Here, in no particular order, my year in words:

"Contentious Women of the Old Testament," originally published in Leader magazine, cross published here.

"Pencil Skirts and Power Ties," in Rhubarb magazine. Consider buying a copy here.

Two posts for Words & Spirit, here and here.

An op-ed for Religion News Service about my pastor's credentials being revoked, as detailed in the article above.

A review of 99 Stories of God by Joy Williams for the Englewood Review of Books.

Hunger, an essay about women and soccer, for The Other Journal.

A series of six columns for the Mennonite World Review: here, here, here, here, here, and here.

A ten-week series of snarky feminist commentary on The Bachelor last winter, on Patreon, because over analyzing bad TV is my preferred form of self-care.

Oh, also: I finished my book.
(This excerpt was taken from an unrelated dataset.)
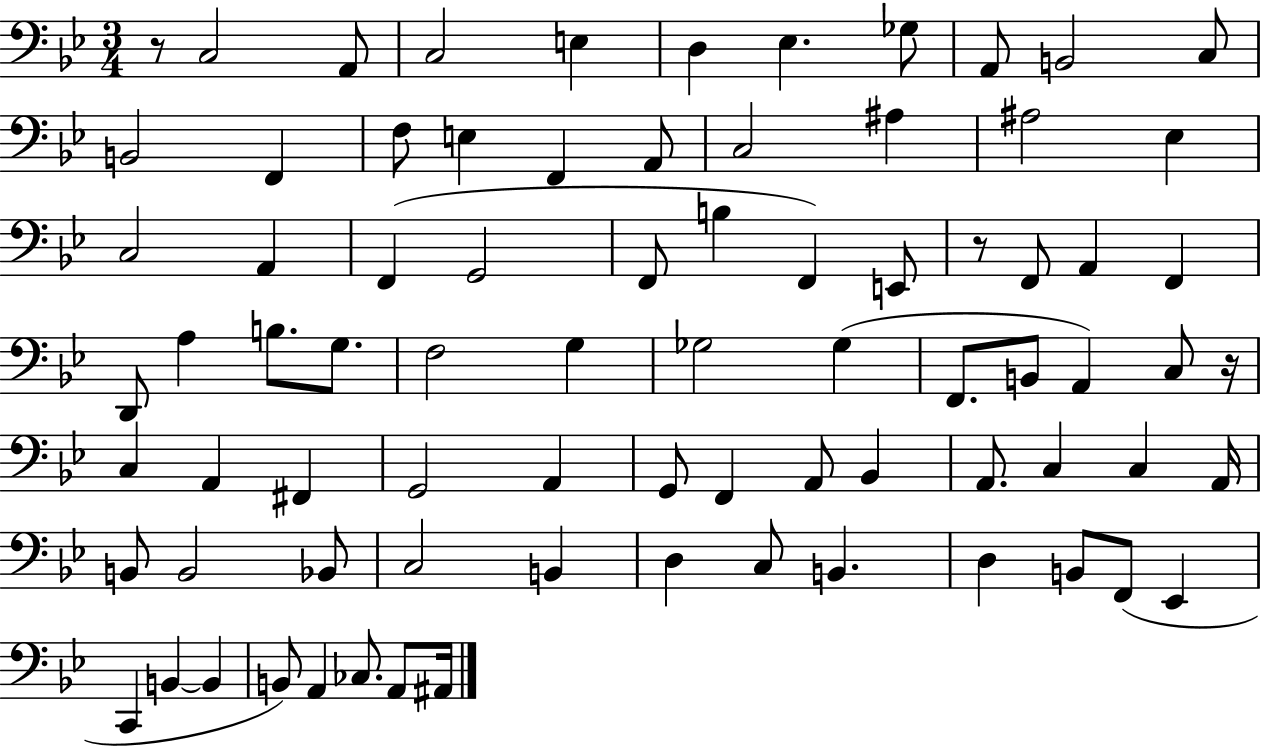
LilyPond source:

Forthcoming from Cascade books in 2017. Time for some champagne...or a really long nap. Cheers!

Friday, June 10, 2016

Link Roundup

Meghan Florian, Hannah Heinzekehr, Megan Ramer.
The biggest news of the week is that the Femonite and the Femmonite finally met in person! Hannah Heinzekehr and I started our respective blogs back in 2012 within mere weeks, with no knowledge of each other at the time. Four years later, she's the Executive Director of The Mennonite, and I sometimes get to write for her there. As Drake would say, Started from the bottom, now we're here/Started from the bottom now the whole team here...
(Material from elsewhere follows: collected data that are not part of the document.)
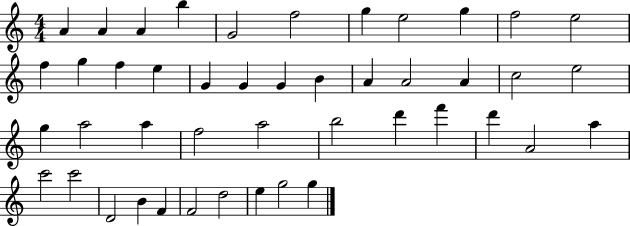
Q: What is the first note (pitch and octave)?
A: A4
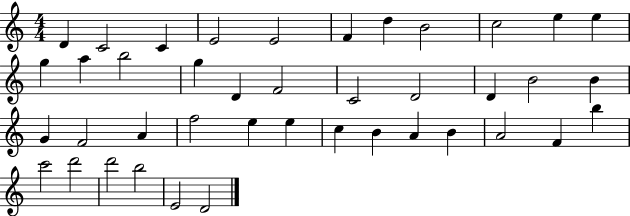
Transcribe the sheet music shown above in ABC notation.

X:1
T:Untitled
M:4/4
L:1/4
K:C
D C2 C E2 E2 F d B2 c2 e e g a b2 g D F2 C2 D2 D B2 B G F2 A f2 e e c B A B A2 F b c'2 d'2 d'2 b2 E2 D2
Now, on to this week's recommended reading:

Alexander Chee on historical fiction.

David Remnick speaks with ANNIE DILLARD! This is a fifteen minute recording; I wish it were 1500.

I loved this piece about makeup and men’s unwelcome, uninvited opinions on it.

Pickled radishes on Reading My Tea Leaves. YUM.

The P.G. Wodehouse Society of Lahore.

A new comic from Kate Gavino on Catapult.

Laura Turner on The Insufficiency of Self-Care.

Book-wise, I finished 99 Stories of God by Joy Williams. And now I’m trying to figure out what to say about it. I'm also slowly working through Prelude to Bruise by Saeed Jones. It's phenomenal.

Tonight: I have a hot date with Elena Ferrante’s fourth Neapolitan novel, The Story of the Lost Child. Unless I collapse from exhaustion and spend the evening watching Miss Fisher’s Murder Mysteries instead. Stranger things have happened.


Friday, June 3, 2016

Link Roundup

It’s been a big publishing week for me! I'm giddy and exhausted, excited and also sad, insofar as I'm writing a lot about events that I lament. Here are the links:

In case you missed it, my article about my pastor’s suspension, in The Mennonite: Love is a verb, not a suspension.

An op-ed I wrote about the same situation, this one aimed at a general audience, over on Religion News Service.

The RNS article was republished by Sojourners.

And finally, a short piece about Lucy Knisley for Words & Spirit.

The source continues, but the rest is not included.